Braudel uygarlığı 15 yüzyılın sonundan beri küresel uygarlığın gelişi olarak, diğerlerinden farklı bir algılayışla, tanımlamıştır ama bu durum artık gerçeklik olmaktan çıkmıştır. O tarihlere geri dönersek, Braudel der ki, insanlık her biri kendine özgü uygarlık ve kültüre, özgünlüğe ve köklü tercihlere sahip farklı gezegenlere bölünmüştür.[33] Bugün küreselleşme hakkında konuştuğumuzda dünyamızda gelişen ve genişleyen bir küresel uygarlıktan bahsetmiş oluruz. Bu görüş, uygarlığı küremizde farklılık arz eden en büyük kültürel birimler olarak tanımlayanlarla rekabet halindedir. Nitekim Huntington yedi uygarlık arasında ayrıştığımızı iddia eder. Ona göre geleceğimizi, bu uygarlıklar arasında mütemadiyen sürecek olan hâkimiyet mücadelesi belirleyecektir.[34]

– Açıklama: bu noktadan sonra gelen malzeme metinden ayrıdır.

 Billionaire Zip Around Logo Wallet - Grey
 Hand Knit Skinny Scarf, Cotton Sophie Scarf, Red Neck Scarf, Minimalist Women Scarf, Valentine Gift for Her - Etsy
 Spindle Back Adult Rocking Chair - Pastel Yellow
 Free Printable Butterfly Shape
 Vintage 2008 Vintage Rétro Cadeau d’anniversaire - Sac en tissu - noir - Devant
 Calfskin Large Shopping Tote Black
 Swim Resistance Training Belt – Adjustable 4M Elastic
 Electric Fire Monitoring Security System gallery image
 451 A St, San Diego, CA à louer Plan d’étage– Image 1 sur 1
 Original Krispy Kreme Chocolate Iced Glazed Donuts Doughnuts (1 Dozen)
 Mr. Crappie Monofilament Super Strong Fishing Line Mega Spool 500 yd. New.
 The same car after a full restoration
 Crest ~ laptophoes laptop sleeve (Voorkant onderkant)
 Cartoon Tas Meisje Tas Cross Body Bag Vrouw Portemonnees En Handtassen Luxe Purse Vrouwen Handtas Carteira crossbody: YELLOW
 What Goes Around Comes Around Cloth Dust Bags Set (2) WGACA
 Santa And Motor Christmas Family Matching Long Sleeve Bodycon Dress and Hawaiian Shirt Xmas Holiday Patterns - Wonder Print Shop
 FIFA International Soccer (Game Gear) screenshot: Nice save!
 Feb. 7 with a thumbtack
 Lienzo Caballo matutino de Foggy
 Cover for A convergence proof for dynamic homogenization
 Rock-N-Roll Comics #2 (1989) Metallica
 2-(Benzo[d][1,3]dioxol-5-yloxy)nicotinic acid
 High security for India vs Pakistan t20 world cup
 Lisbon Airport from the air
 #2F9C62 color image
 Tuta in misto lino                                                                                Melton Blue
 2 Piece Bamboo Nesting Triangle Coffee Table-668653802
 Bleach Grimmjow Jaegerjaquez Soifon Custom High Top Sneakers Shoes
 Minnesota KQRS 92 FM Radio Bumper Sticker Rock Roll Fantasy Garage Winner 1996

Uygarlık kavramı, basit bir eşanlamlısı olan kültür kavramı olarak da kullanılır. Bu kullanım uygarlık kavramına atfedilen anlamlar listesine yakın durmamaktadır. Daha kısıtlı anlamda Almanya’daki burjuvazi bu kavramı 19. yüzyılda asillerin rafine ve nezaket dolu davranışı olarak tanımlamıştı. Burjuvazi toplumuna göre, yüzeysel sosyal olgulara atıf yapılan kavram, Kültür ile karşılaştırılmalıdır. Almancada Kültür ise değerin gerçekliğine işaret eder ve Güzellik, Doğruluk ve iyilik kavramlarıyla eş anlamlıdır. Bu şekilde kullanıldığı zaman, Alman kavramsallaştırmasında Kültür kelimesinin uygarlıktan ziyade yüksek ve ulvi düzen anlamına geldiği görülür. Sonuç olarak, Der Untergang des Abendlandes adlı eserinde çökmekte ya da çökmüş olan kültürleri uygarlık olarak adlandıran Oswald Spengler’den bahsetmeden geçemeyiz.
2.2. Kültür Kavramı
Uygarlık ve kültür kavramları arasında daima kesin bir ayrım yapmamızın mümkün olmadığını görmüş bulunmaktayız. Bazı durumlarda iki kavram eşanlamlı gibi kullanılır, bazen de uygarlıklar kültürlerin özgün bir kategorisi olarak tanımlanır.[35]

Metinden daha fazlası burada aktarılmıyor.